Segment Start: DATA
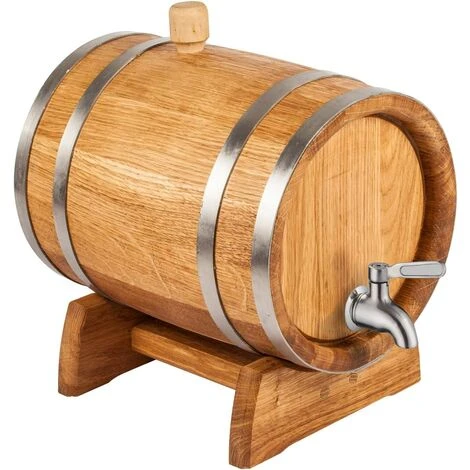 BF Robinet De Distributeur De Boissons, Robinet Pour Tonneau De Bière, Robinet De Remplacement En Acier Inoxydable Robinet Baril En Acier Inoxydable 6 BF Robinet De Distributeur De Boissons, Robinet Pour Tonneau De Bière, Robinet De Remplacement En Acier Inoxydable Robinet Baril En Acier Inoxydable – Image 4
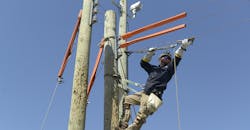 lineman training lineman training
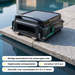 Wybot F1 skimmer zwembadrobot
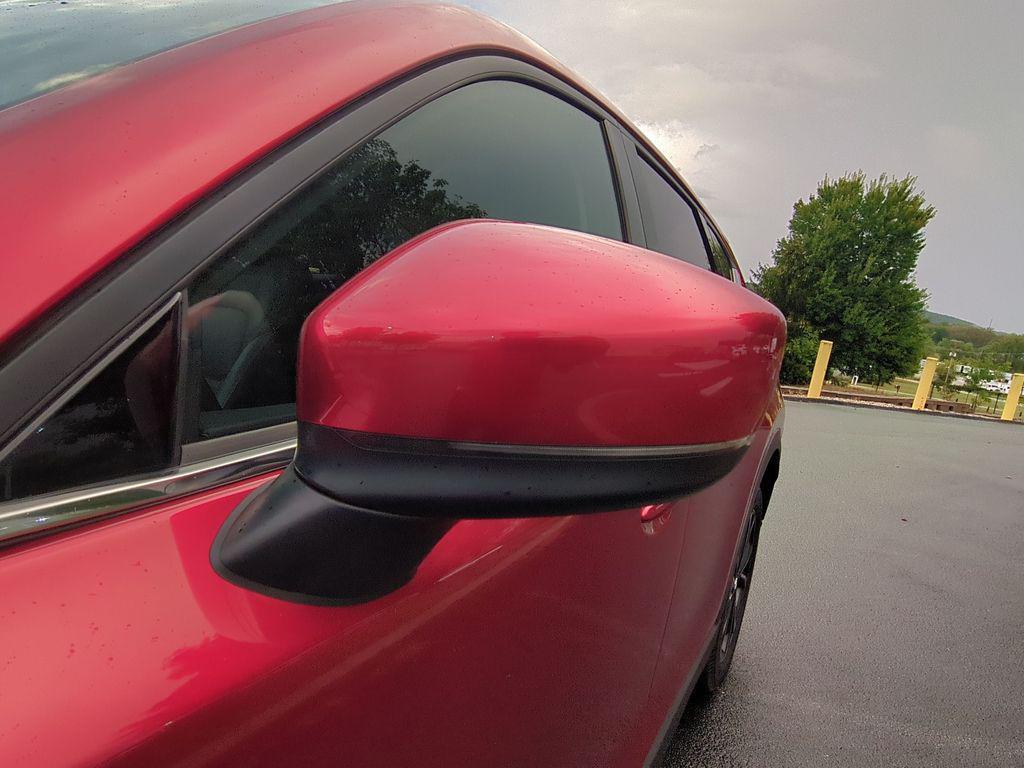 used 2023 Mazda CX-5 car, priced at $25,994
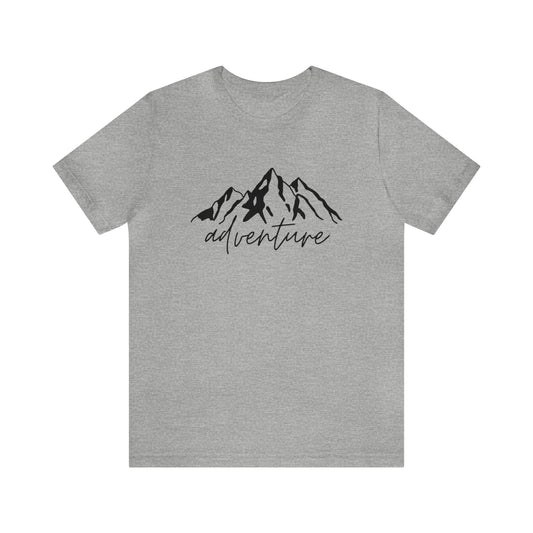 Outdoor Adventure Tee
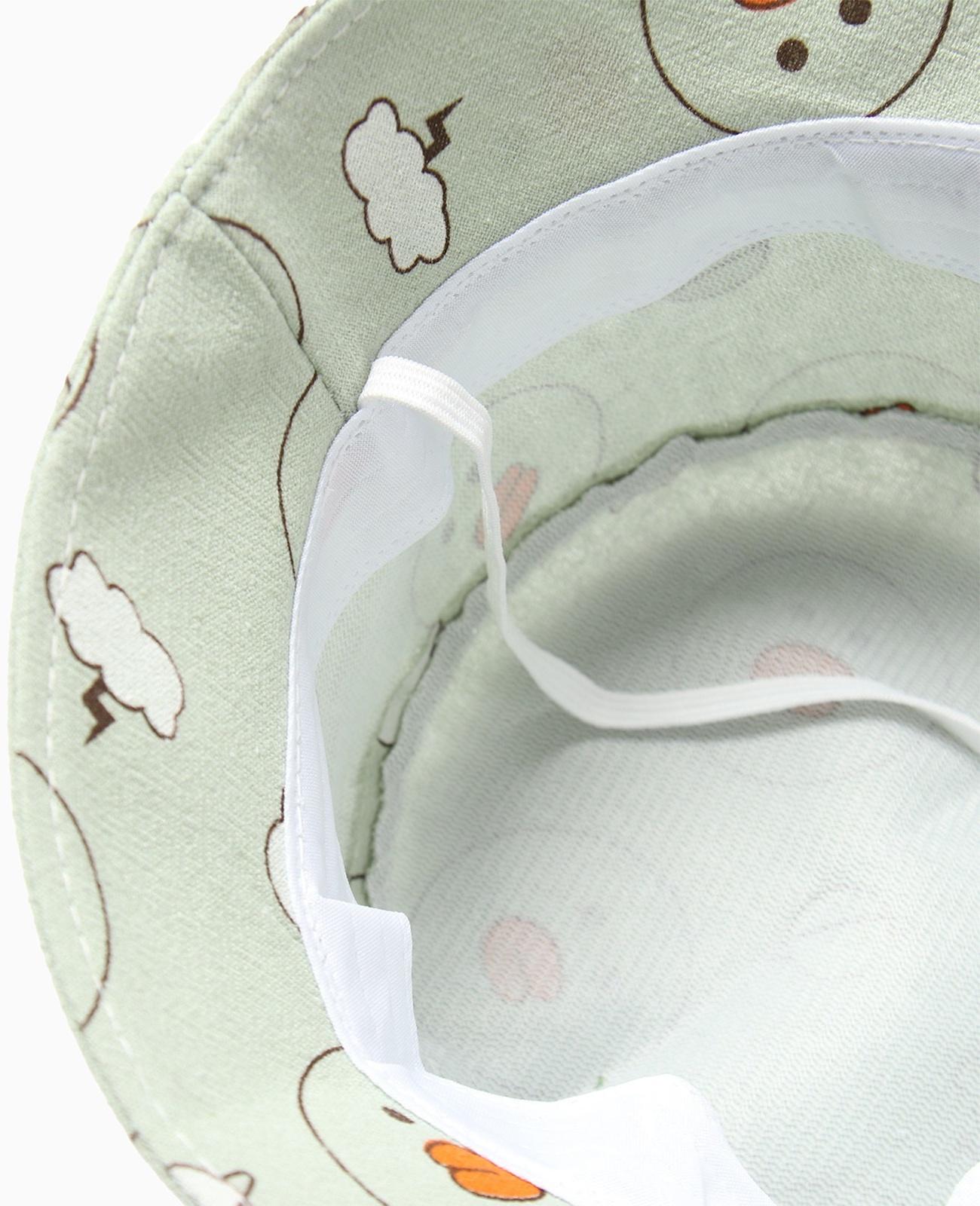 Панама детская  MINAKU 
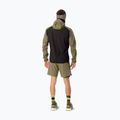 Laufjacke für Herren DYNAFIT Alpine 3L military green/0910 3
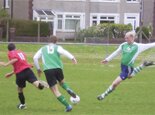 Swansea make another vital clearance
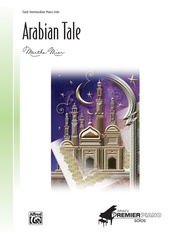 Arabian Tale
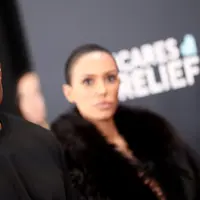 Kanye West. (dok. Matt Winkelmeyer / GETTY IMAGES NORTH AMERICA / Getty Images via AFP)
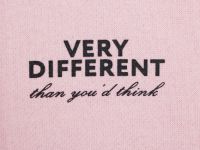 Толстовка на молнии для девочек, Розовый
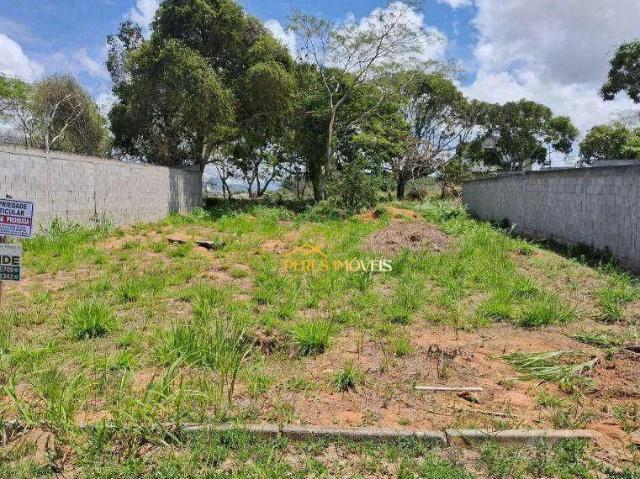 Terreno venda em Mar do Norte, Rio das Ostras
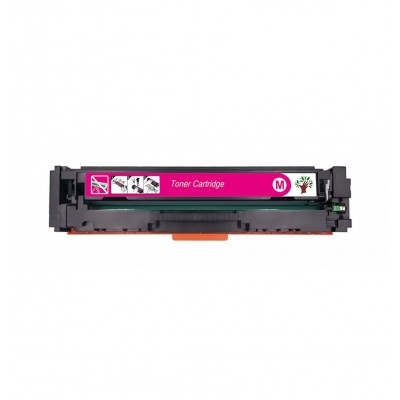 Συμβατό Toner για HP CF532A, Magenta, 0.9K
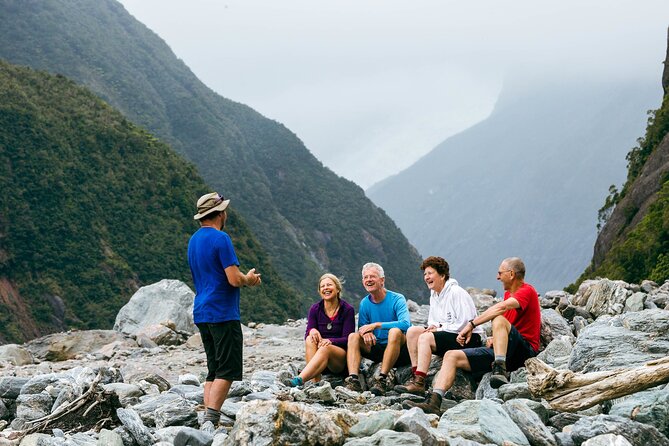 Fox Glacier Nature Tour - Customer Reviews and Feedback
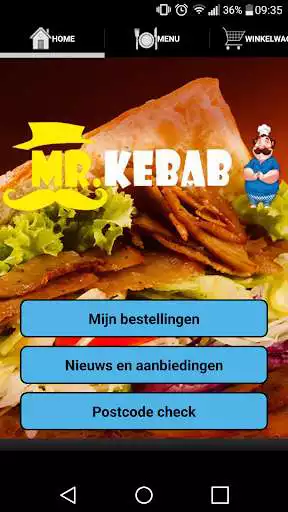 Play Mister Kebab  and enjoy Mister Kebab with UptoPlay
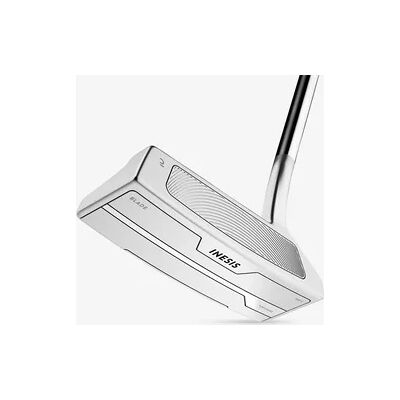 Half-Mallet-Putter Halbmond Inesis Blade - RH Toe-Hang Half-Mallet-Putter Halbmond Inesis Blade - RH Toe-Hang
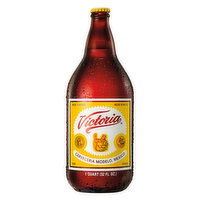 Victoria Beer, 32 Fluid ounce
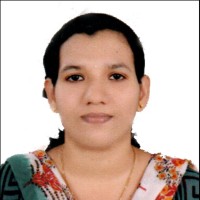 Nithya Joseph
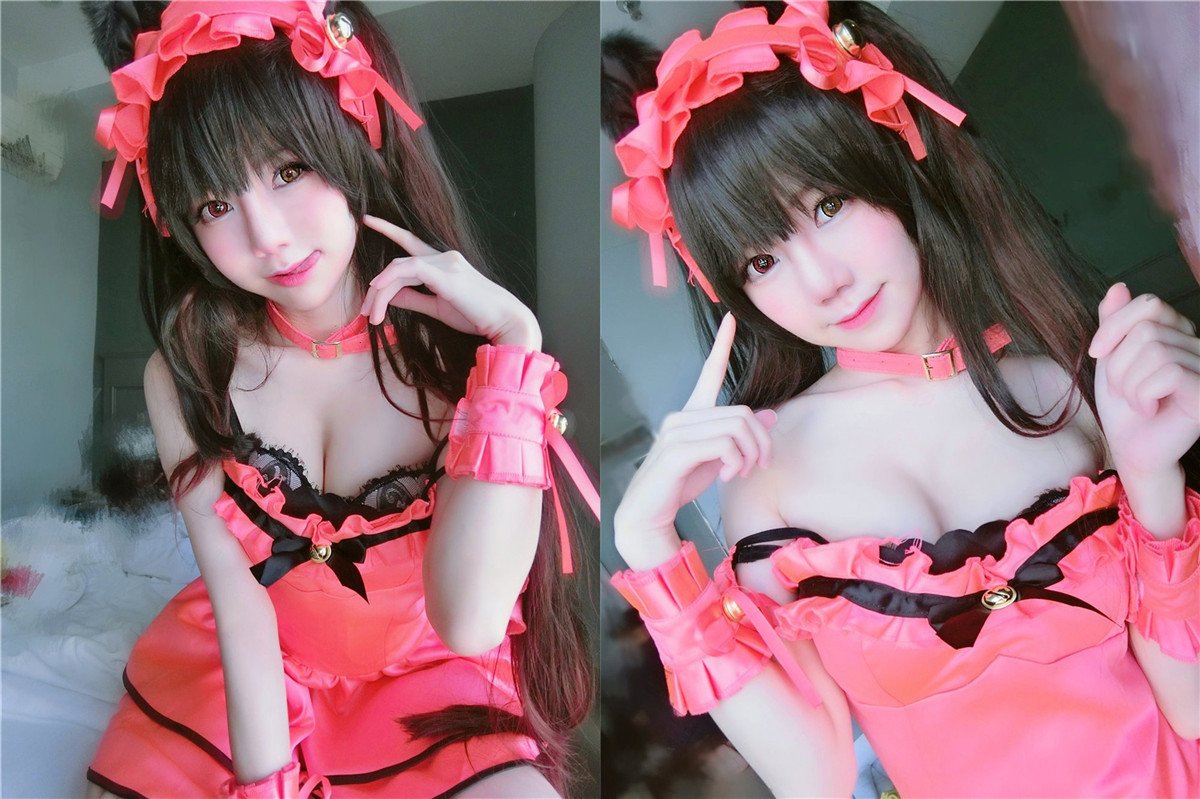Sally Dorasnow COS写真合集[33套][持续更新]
Segment End: DATA
WHAT YOU ARE ASKED TO DO: Output only the lines above from the line that holds "Laufjacke für Herren" through the line that holds "Play Mister Kebab", both ends included, and exclude pictures.

FINISHED EXERCISE:
 Laufjacke für Herren DYNAFIT Alpine 3L military green/0910 3
 Swansea make another vital clearance
 Arabian Tale
 Kanye West. (dok. Matt Winkelmeyer / GETTY IMAGES NORTH AMERICA / Getty Images via AFP)
 Толстовка на молнии для девочек, Розовый
 Terreno venda em Mar do Norte, Rio das Ostras
 Συμβατό Toner για HP CF532A, Magenta, 0.9K
 Fox Glacier Nature Tour - Customer Reviews and Feedback
 Play Mister Kebab  and enjoy Mister Kebab with UptoPlay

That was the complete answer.